EXERCISE OBJECTIVE => Word for word, retype the tail of the data below, starting with the line that has "Early Happy Valentine's Day to my penis 🥰" and including the last line.

INFORMATION SHOWN =>
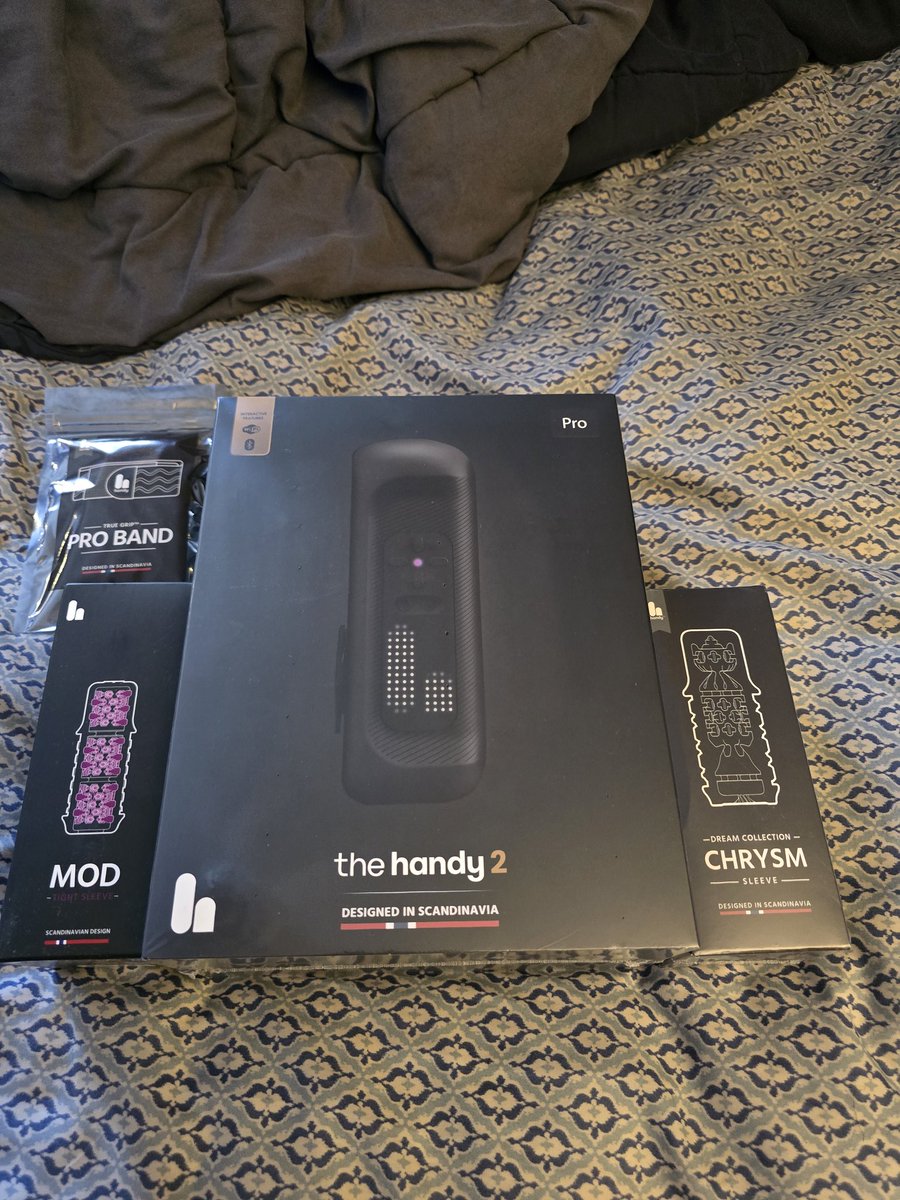 It's here! It's here! It's here!

Early Happy Valentine's Day to my penis 🥰

It was supposed to arrive in December as a Christmas present but got super delayed. Timing still ended up being special ♥️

ANSWER FOR THIS EXERCISE =>
Early Happy Valentine's Day to my penis 🥰

It was supposed to arrive in December as a Christmas present but got super delayed. Timing still ended up being special ♥️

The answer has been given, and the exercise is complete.